EXERCISE: Without the pictures, give the listing below again exactly.

BEGIN PROVIDED ENTRIES

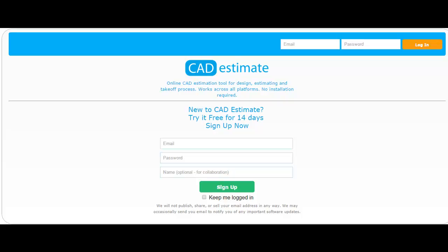Do you want to be faster and more efficient? Try CAD Estimation now and start saving time and increase your profits. Try for yourself and find out how much easier the estimation process can be with our product. Sign up in less than a minute by entering your email and a password to create your first project.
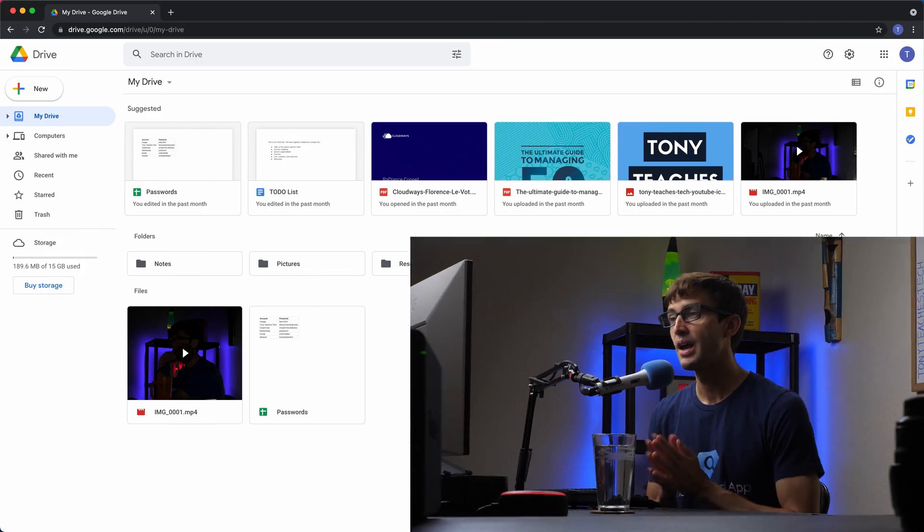Hey everyone, this is Tony, this is just tech. In this video, I'm going to show you how to download your entire Google Drive contents, including photos, documents, folders, everything. And we're going to do this with something called Google Takeout. So let's go ahead and get right into it.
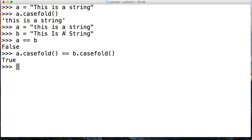So that is how we would use the casefold string method in Python. If you have any questions, head over to mastercode.online and let us know there. Otherwise, we'll see you in the next tutorial where we talk about the center string method.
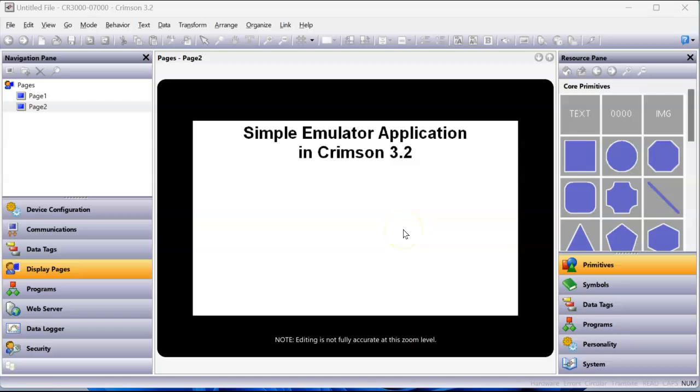Hello there, folks. Hey, this is Joe Azu here. Today's quick video is going to be using the emulator in Crimson 3.2. This is a new feature that's been added back to Crimson. We had it way back in Crimson 3.0, and now we've got it back in Crimson 3.2, and that is the use of the emulator.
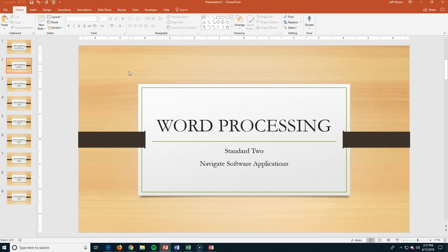Welcome back. In this video, we're going to be navigating some common software applications. We're using the Microsoft Office suite. Since we're in PowerPoint, that's where we're going to start.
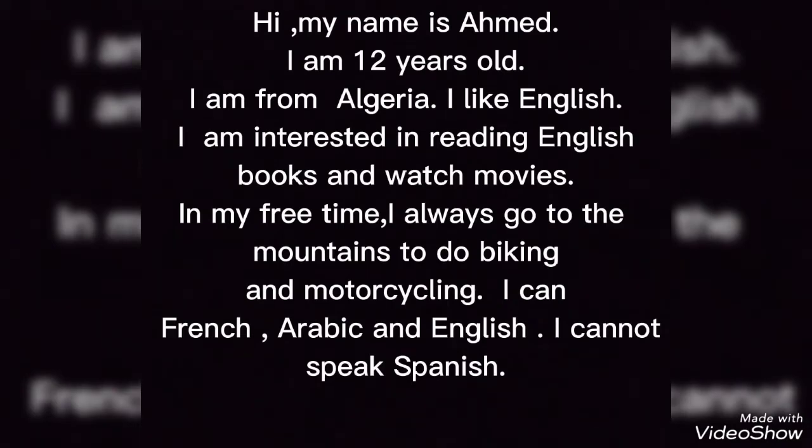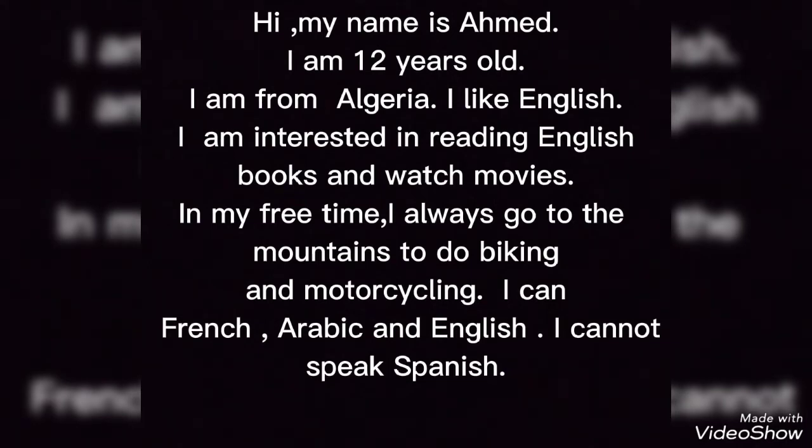So follow me. Hi, my name is Ahmed. I am 12 years old. I am from Algeria. I like English.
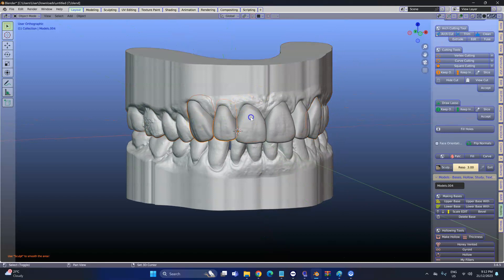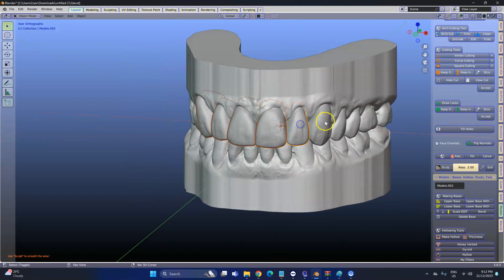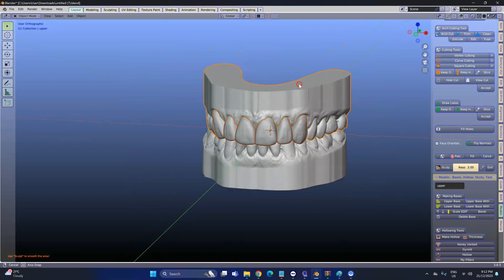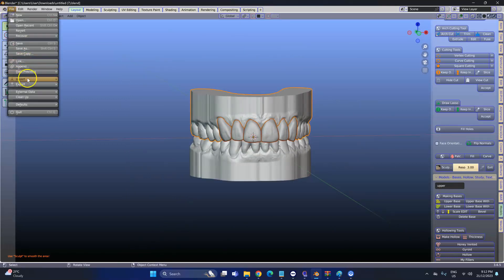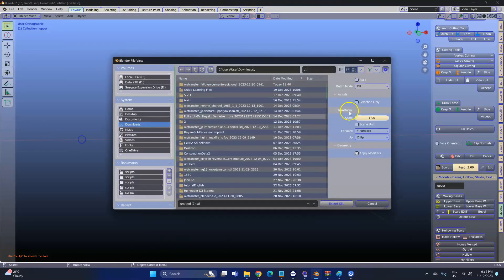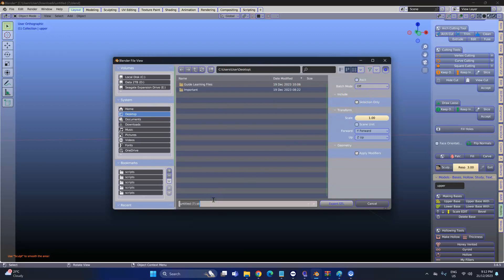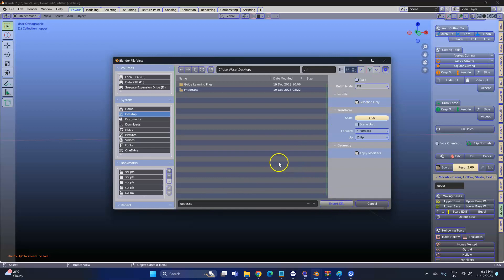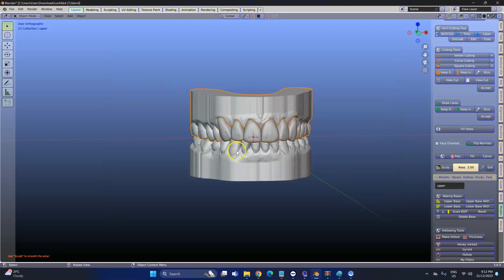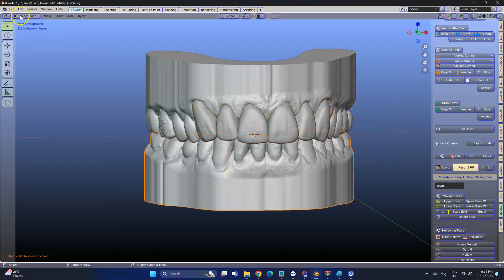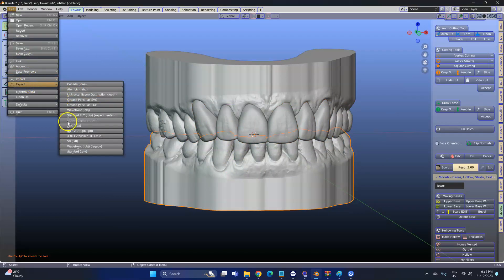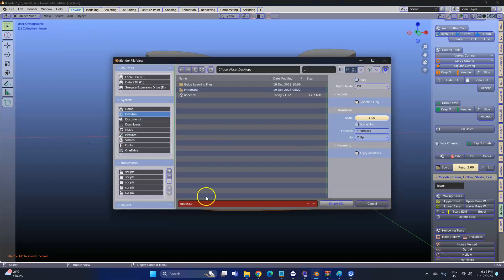Then I'm going to select all of these. Go to File, Export, STL. Click the selection box, find yourself a good place to save it. This is my upper — Export STL. They will all be linked in one STL file. Select your lower — File, Export, STL — and this is going to be my lower.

END PROVIDED ENTRIES

REPLY:
Do you want to be faster and more efficient? Try CAD Estimation now and start saving time and increase your profits. Try for yourself and find out how much easier the estimation process can be with our product. Sign up in less than a minute by entering your email and a password to create your first project.
Hey everyone, this is Tony, this is just tech. In this video, I'm going to show you how to download your entire Google Drive contents, including photos, documents, folders, everything. And we're going to do this with something called Google Takeout. So let's go ahead and get right into it.
So that is how we would use the casefold string method in Python. If you have any questions, head over to mastercode.online and let us know there. Otherwise, we'll see you in the next tutorial where we talk about the center string method.
Hello there, folks. Hey, this is Joe Azu here. Today's quick video is going to be using the emulator in Crimson 3.2. This is a new feature that's been added back to Crimson. We had it way back in Crimson 3.0, and now we've got it back in Crimson 3.2, and that is the use of the emulator.
Welcome back. In this video, we're going to be navigating some common software applications. We're using the Microsoft Office suite. Since we're in PowerPoint, that's where we're going to start.
So follow me. Hi, my name is Ahmed. I am 12 years old. I am from Algeria. I like English.
Then I'm going to select all of these. Go to File, Export, STL. Click the selection box, find yourself a good place to save it. This is my upper — Export STL. They will all be linked in one STL file. Select your lower — File, Export, STL — and this is going to be my lower.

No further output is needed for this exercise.